DATA UNDER STUDY:
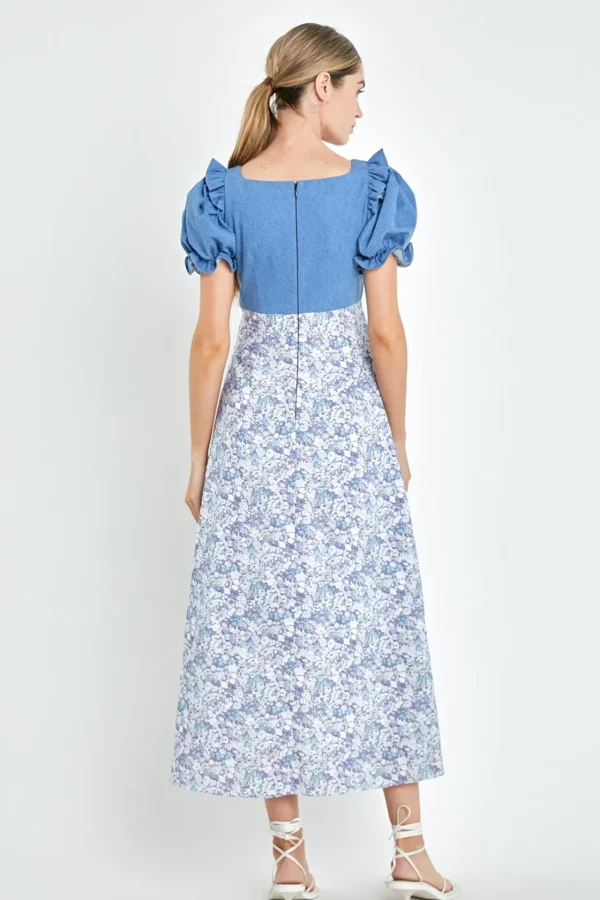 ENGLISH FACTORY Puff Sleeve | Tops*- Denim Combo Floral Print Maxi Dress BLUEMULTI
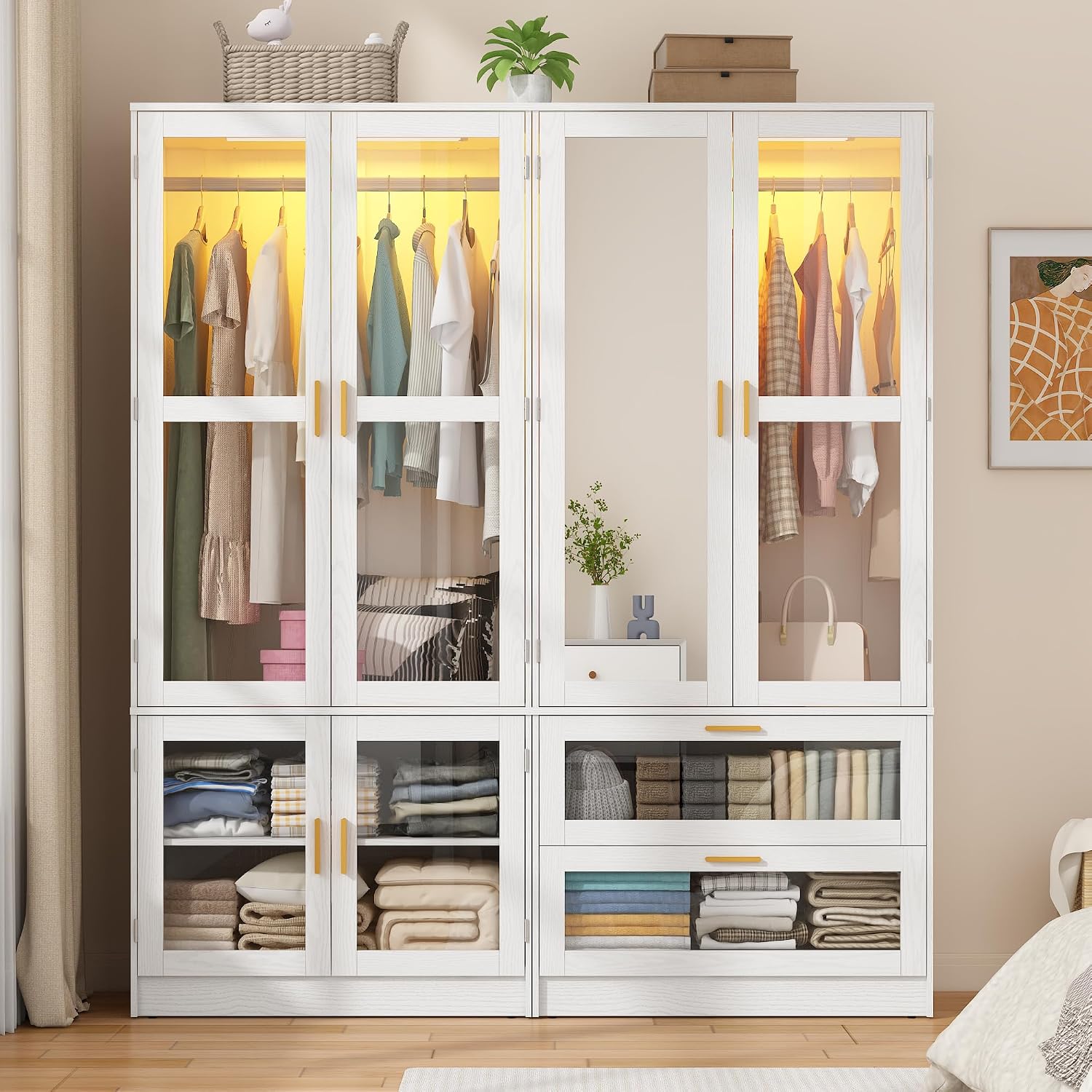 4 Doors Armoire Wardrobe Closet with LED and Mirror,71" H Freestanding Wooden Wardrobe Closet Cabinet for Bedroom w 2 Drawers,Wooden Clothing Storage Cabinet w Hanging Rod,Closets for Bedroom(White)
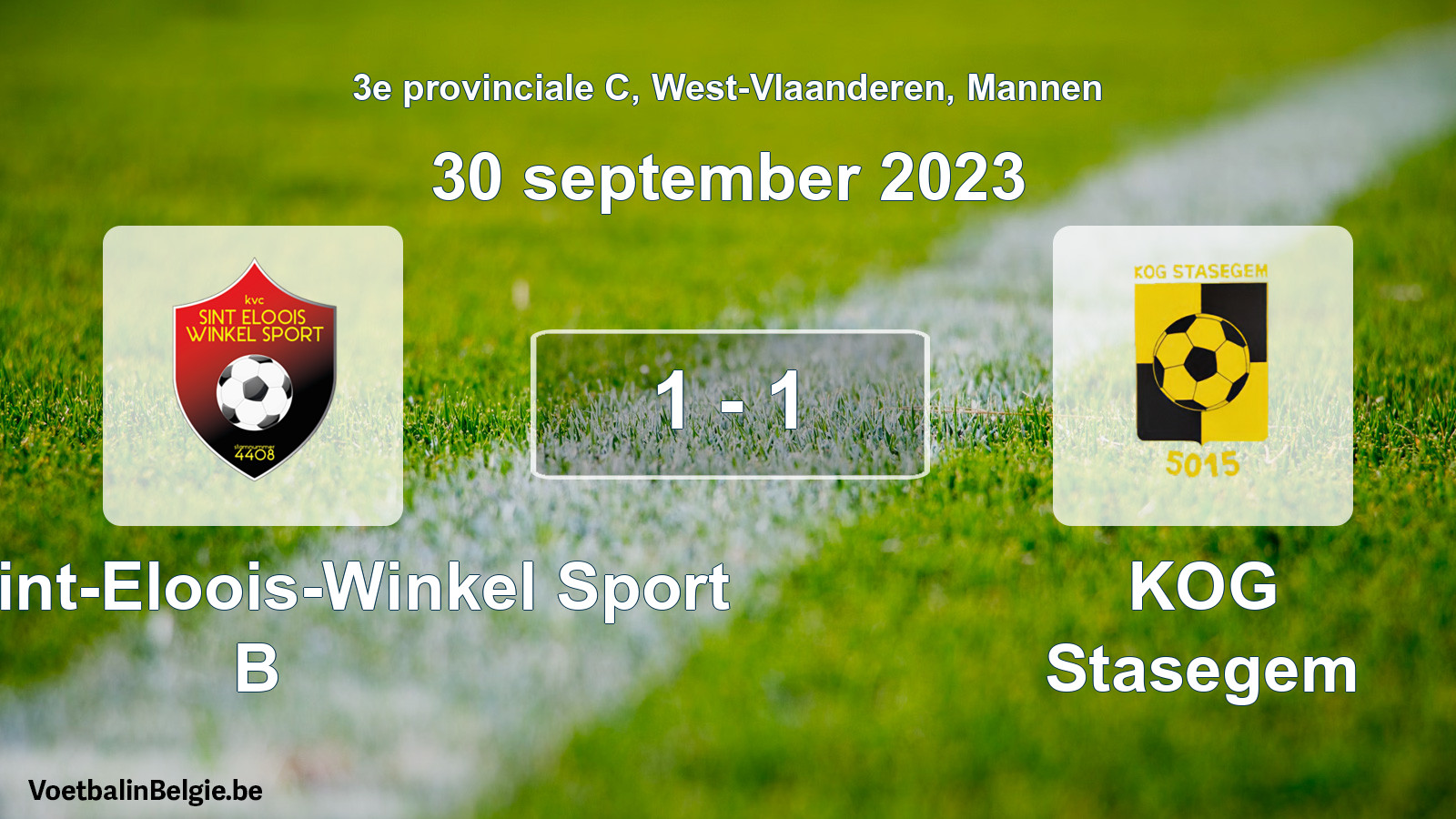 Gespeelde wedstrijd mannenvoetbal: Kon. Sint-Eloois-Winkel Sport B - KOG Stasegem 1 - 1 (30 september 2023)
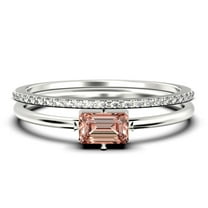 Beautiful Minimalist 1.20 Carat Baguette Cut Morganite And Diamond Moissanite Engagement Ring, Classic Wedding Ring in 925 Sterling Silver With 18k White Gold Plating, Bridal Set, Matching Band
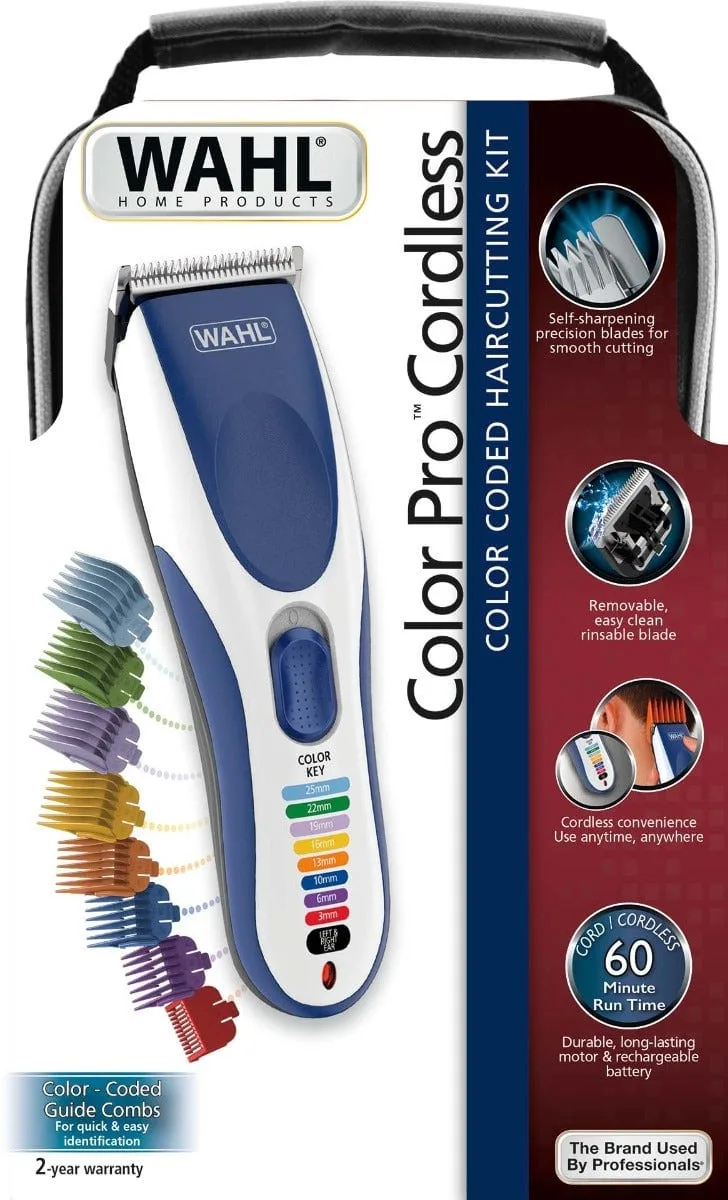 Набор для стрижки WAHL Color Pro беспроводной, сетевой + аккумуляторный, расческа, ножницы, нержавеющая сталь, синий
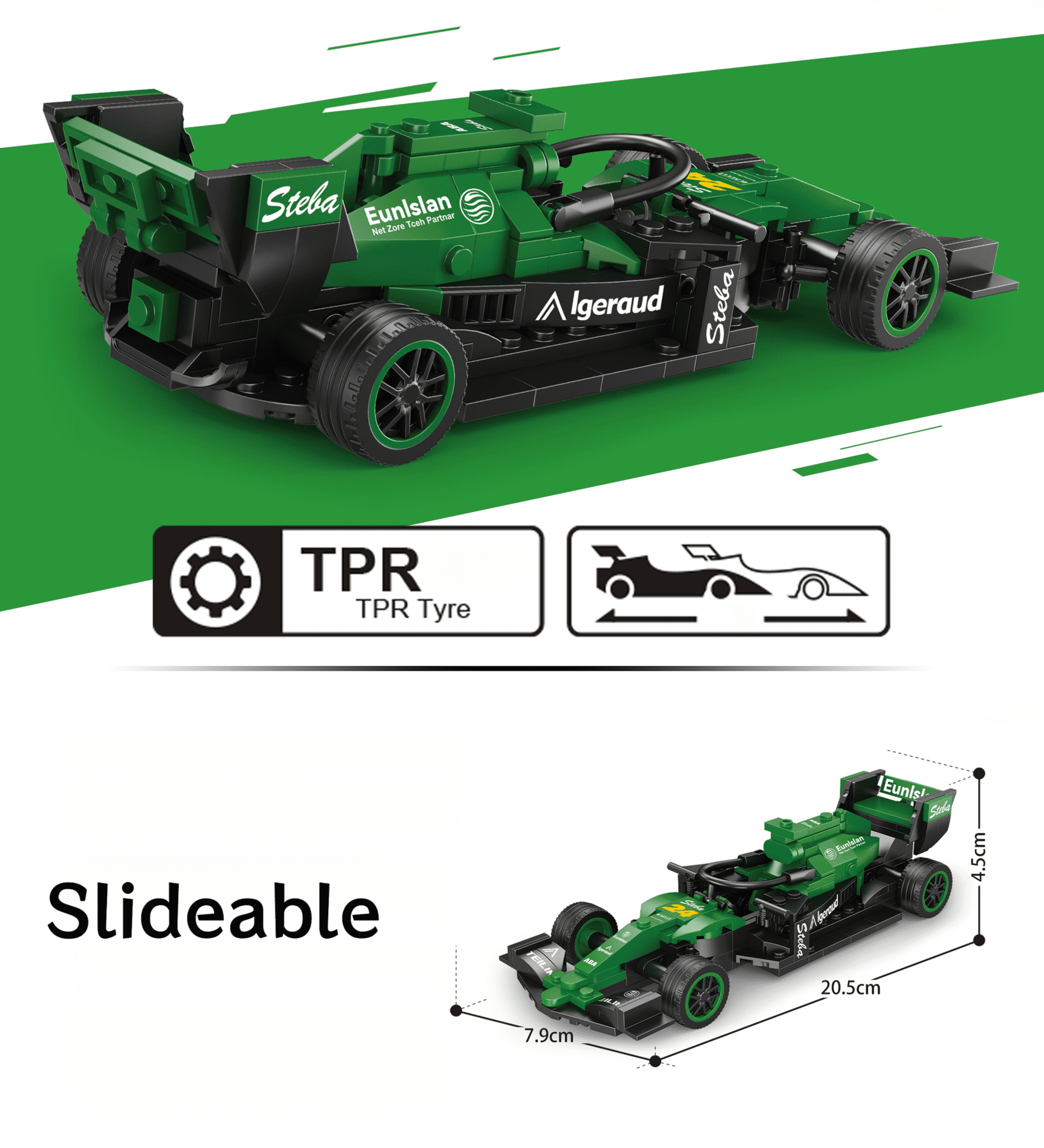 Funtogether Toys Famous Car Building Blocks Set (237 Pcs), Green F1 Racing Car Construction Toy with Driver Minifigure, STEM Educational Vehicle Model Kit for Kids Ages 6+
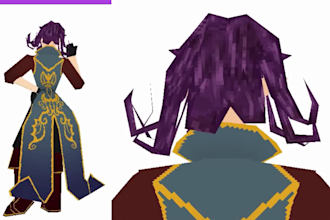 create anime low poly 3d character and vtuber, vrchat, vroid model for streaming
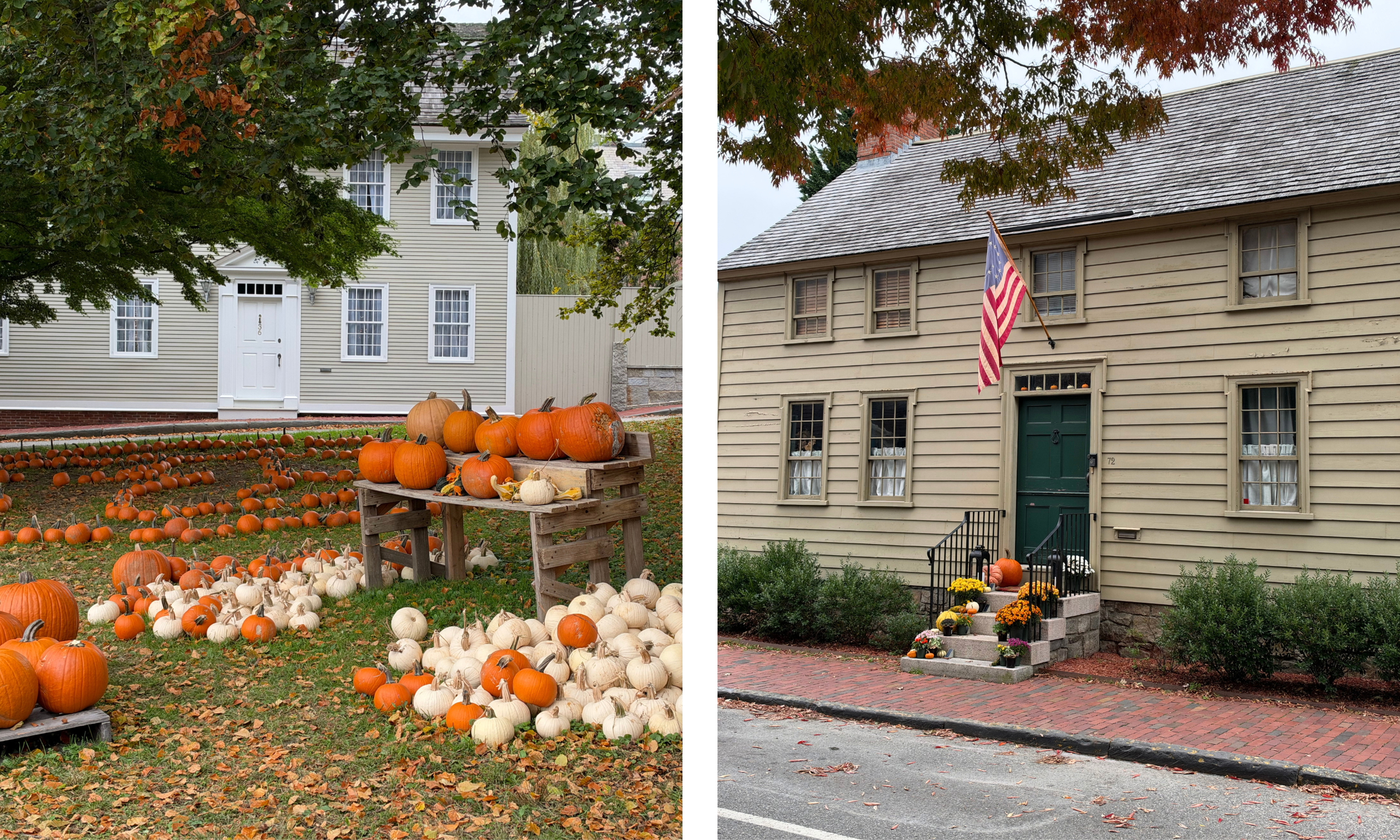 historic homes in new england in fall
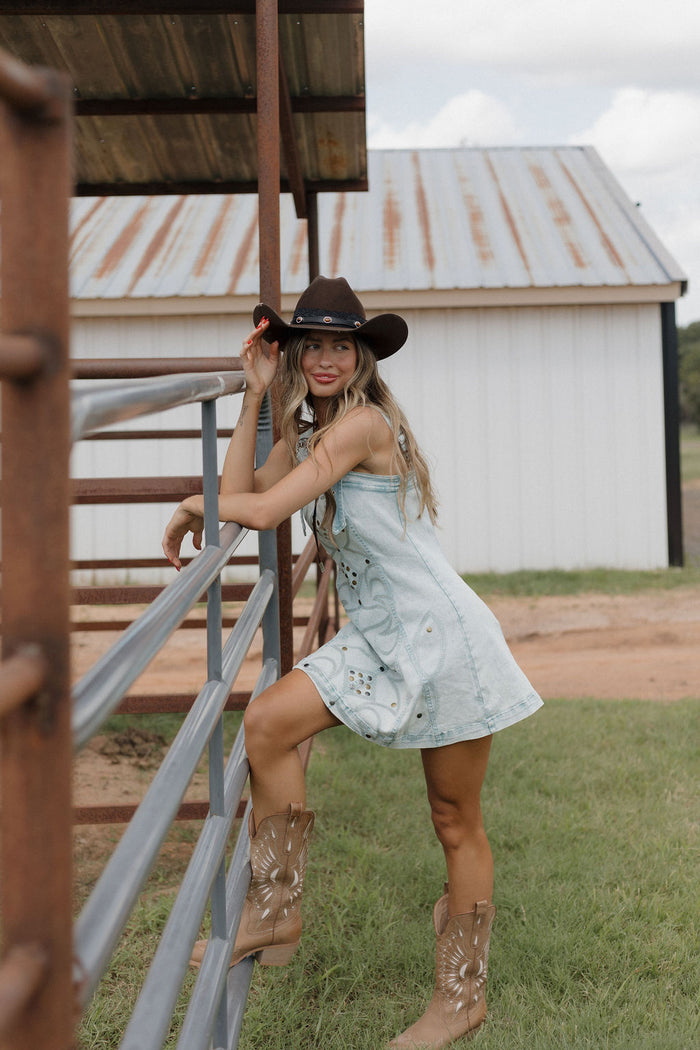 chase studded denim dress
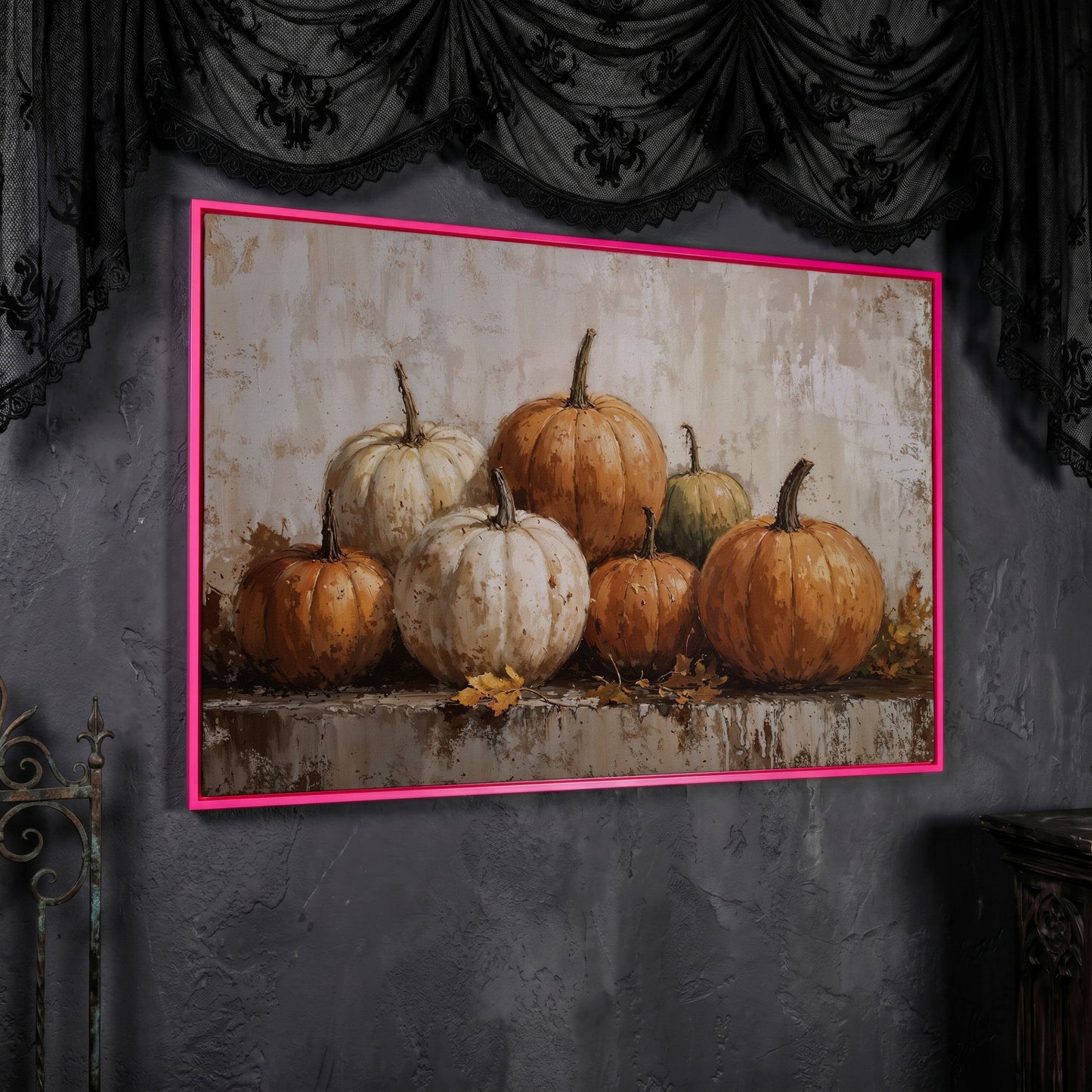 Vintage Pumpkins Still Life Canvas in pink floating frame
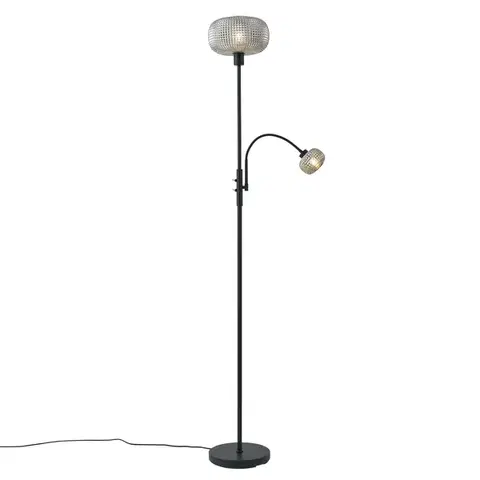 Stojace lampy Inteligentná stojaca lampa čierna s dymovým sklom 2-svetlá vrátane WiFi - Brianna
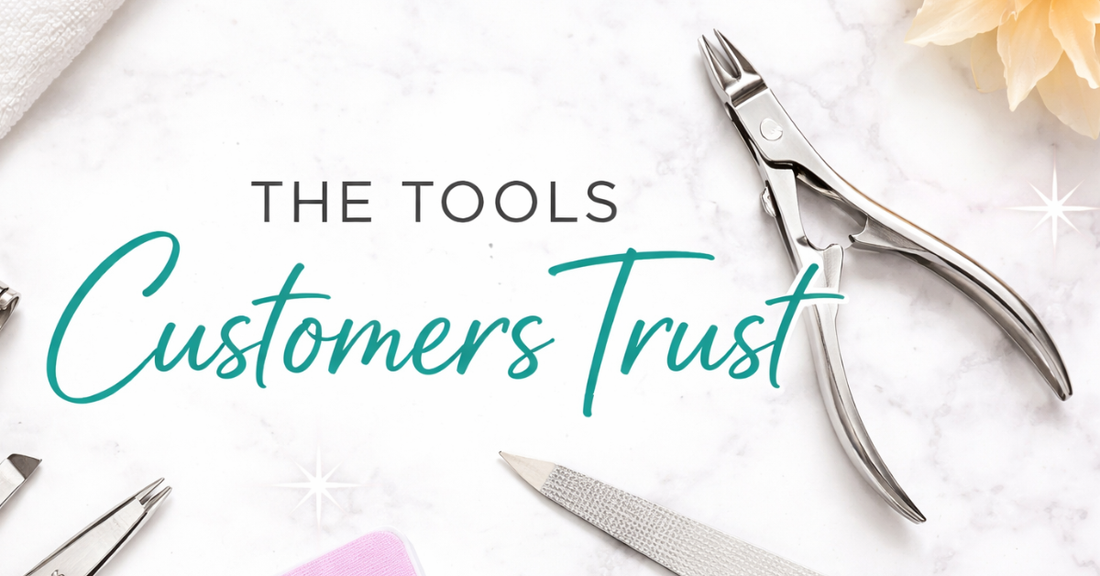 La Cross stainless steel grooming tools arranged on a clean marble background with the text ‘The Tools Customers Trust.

WHAT TO PRODUCE:
Restate verbatim the lines that begin at the one holding "chase studded denim dress" and end at the last line of the material. Exclude pictures.

WRITTEN SOLUTION:
 chase studded denim dress
 Vintage Pumpkins Still Life Canvas in pink floating frame
 Stojace lampy Inteligentná stojaca lampa čierna s dymovým sklom 2-svetlá vrátane WiFi - Brianna
 La Cross stainless steel grooming tools arranged on a clean marble background with the text ‘The Tools Customers Trust.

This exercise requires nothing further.